Ammunition issued in combat was almost always AP, the reason being that it gave better penetration in cover material (dirt, sand bags, etc.) and light vehicles than ball. Ball was usually issued only for stateside training.
Ball ammunition, with a lead core, was never issued outside the continental United States. It was used for Statesdide training and guard duty.
While I'm sure that this was true for the people who lived through it, conversations with a Marine who fought in the Pacific from Guadalcanal onwards, and also in Korea, show it was not the case everywhere.
During his time on Guadalcanal, he said the only AP seen was belted, mixed with ball and tracer, and the guys with Springfields and even most of the BAR gunners got regular ball. Said there was some API, but all that went to the aircrews, like SBD rear gunners, etc. Later on in the war, BAR gunners usually got AP, and the "rest of us" got mostly ball, AP once in a while.
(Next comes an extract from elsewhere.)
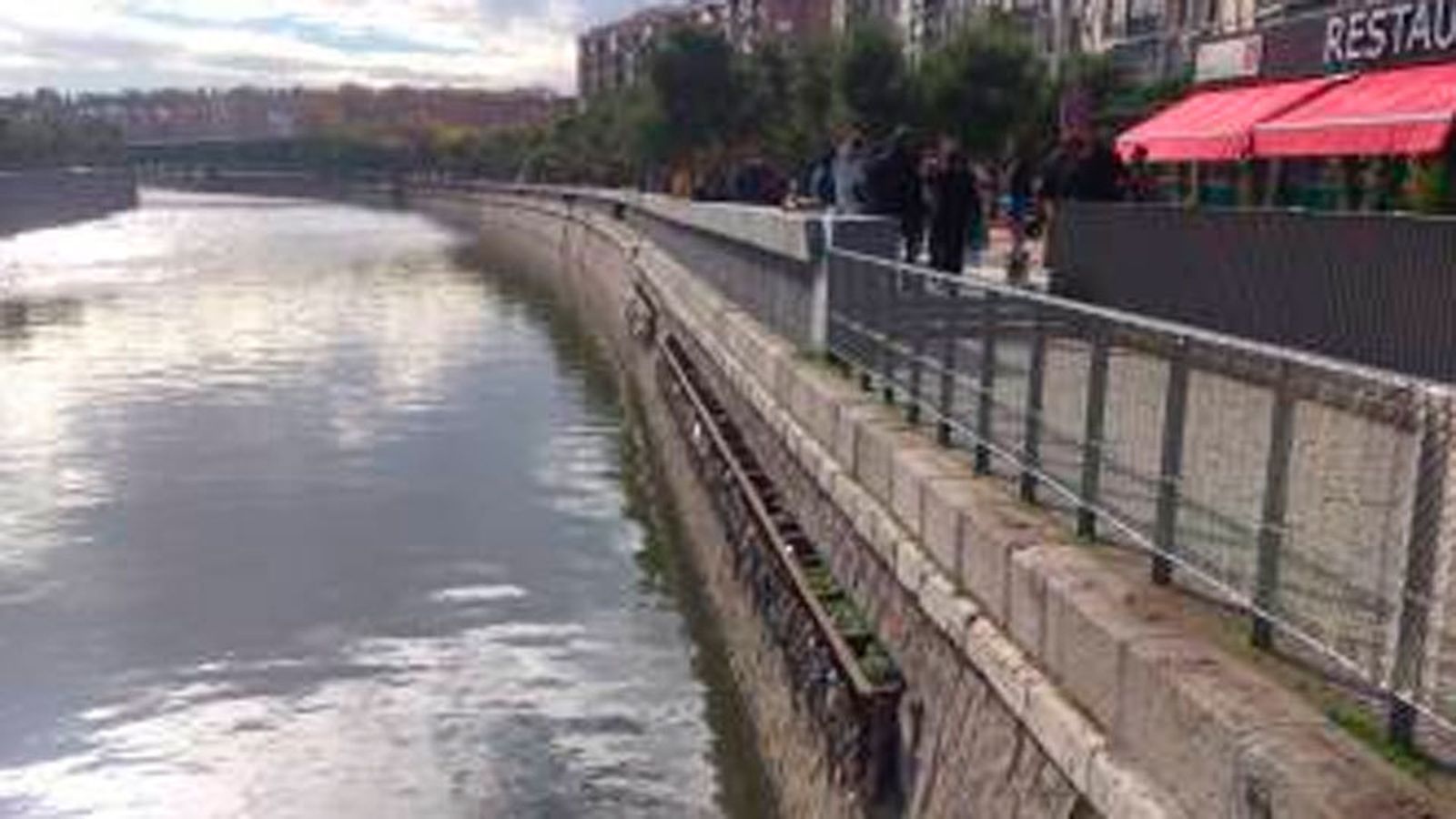 Tramo del Manzanares donde fue arrojado el hincha Jimmy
In Korea, he said he never got ball, it was all AP, but he didn't know if that was a policy decision, or just that they were getting whatever was in the pipeline.
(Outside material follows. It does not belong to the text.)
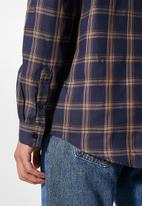 Superbalist - Regular fit pocket long sleeve check shirt - navy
He also said his "basic" load when he carried the Garand was 96 rnds, the cartridge belts he had were 12 pocket, 6 on a side. Also that spare clips in the pockets were very common.
Also, when going into combat, he would grab a bandolier, or two, and reload out of them until they were empty, keeping his belt load intact as long as he could. Because it was easy to lose a bandolier (diving in a hole to shelter from an incoming shell or bomb could separate your from your bandolier right quick, but the belt almost always stayed with you.
He also mentioned that it was a bit difficult to extract the clips from the bandolier, but they were highly motivated at the time, and it didn't pose any serious problem for them. Also why there were so few bandoliers that survived intact, they were almost always ripped by GIs getting the ammo out of them.
I think its best to assume that while some people saw nothing but AP in combat, and ball in trainging, or even vice versa, making sweeping statements about "that's all that was used" in every theater throughout the entire war isn't accurate.